> _Entries supplied_
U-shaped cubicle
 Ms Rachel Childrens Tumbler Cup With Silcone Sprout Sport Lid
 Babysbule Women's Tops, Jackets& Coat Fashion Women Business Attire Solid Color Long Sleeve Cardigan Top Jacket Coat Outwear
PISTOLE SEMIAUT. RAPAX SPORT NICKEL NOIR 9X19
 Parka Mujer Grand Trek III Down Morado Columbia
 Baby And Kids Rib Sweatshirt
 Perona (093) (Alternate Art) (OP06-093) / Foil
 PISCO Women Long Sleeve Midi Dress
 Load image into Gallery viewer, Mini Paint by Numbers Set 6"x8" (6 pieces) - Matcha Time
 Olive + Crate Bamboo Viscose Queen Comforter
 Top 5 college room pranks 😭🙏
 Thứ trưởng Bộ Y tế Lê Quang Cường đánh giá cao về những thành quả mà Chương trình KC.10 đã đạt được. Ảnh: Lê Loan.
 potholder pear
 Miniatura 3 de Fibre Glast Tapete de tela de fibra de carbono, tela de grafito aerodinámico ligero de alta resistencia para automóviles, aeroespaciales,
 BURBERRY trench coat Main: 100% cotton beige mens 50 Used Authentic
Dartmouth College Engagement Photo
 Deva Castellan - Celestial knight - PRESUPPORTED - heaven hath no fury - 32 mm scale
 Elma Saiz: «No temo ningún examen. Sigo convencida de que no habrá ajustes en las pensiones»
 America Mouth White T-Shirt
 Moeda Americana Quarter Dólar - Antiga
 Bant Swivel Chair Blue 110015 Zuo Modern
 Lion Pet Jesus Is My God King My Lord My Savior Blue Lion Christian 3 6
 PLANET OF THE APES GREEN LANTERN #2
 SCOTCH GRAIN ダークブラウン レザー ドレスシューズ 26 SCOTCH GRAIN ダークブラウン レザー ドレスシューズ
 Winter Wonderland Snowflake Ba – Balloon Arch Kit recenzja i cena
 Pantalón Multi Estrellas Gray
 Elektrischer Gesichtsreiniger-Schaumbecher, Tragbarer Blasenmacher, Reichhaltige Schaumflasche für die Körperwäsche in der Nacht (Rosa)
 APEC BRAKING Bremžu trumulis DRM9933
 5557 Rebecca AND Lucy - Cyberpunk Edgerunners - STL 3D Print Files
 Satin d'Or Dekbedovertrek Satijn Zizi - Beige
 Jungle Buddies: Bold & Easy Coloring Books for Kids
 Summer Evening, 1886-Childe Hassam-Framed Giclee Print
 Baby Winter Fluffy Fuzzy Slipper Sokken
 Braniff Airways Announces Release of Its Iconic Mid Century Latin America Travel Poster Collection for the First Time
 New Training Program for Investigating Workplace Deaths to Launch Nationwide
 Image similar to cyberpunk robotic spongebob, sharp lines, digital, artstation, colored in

> _Requirement_
Going back over the entries above, copy word for word every line from the one that has "Parka Mujer Grand" on through the one that has "5557 Rebecca AND".

> _Response area_
 Parka Mujer Grand Trek III Down Morado Columbia
 Baby And Kids Rib Sweatshirt
 Perona (093) (Alternate Art) (OP06-093) / Foil
 PISCO Women Long Sleeve Midi Dress
 Load image into Gallery viewer, Mini Paint by Numbers Set 6"x8" (6 pieces) - Matcha Time
 Olive + Crate Bamboo Viscose Queen Comforter
 Top 5 college room pranks 😭🙏
 Thứ trưởng Bộ Y tế Lê Quang Cường đánh giá cao về những thành quả mà Chương trình KC.10 đã đạt được. Ảnh: Lê Loan.
 potholder pear
 Miniatura 3 de Fibre Glast Tapete de tela de fibra de carbono, tela de grafito aerodinámico ligero de alta resistencia para automóviles, aeroespaciales,
 BURBERRY trench coat Main: 100% cotton beige mens 50 Used Authentic
Dartmouth College Engagement Photo
 Deva Castellan - Celestial knight - PRESUPPORTED - heaven hath no fury - 32 mm scale
 Elma Saiz: «No temo ningún examen. Sigo convencida de que no habrá ajustes en las pensiones»
 America Mouth White T-Shirt
 Moeda Americana Quarter Dólar - Antiga
 Bant Swivel Chair Blue 110015 Zuo Modern
 Lion Pet Jesus Is My God King My Lord My Savior Blue Lion Christian 3 6
 PLANET OF THE APES GREEN LANTERN #2
 SCOTCH GRAIN ダークブラウン レザー ドレスシューズ 26 SCOTCH GRAIN ダークブラウン レザー ドレスシューズ
 Winter Wonderland Snowflake Ba – Balloon Arch Kit recenzja i cena
 Pantalón Multi Estrellas Gray
 Elektrischer Gesichtsreiniger-Schaumbecher, Tragbarer Blasenmacher, Reichhaltige Schaumflasche für die Körperwäsche in der Nacht (Rosa)
 APEC BRAKING Bremžu trumulis DRM9933
 5557 Rebecca AND Lucy - Cyberpunk Edgerunners - STL 3D Print Files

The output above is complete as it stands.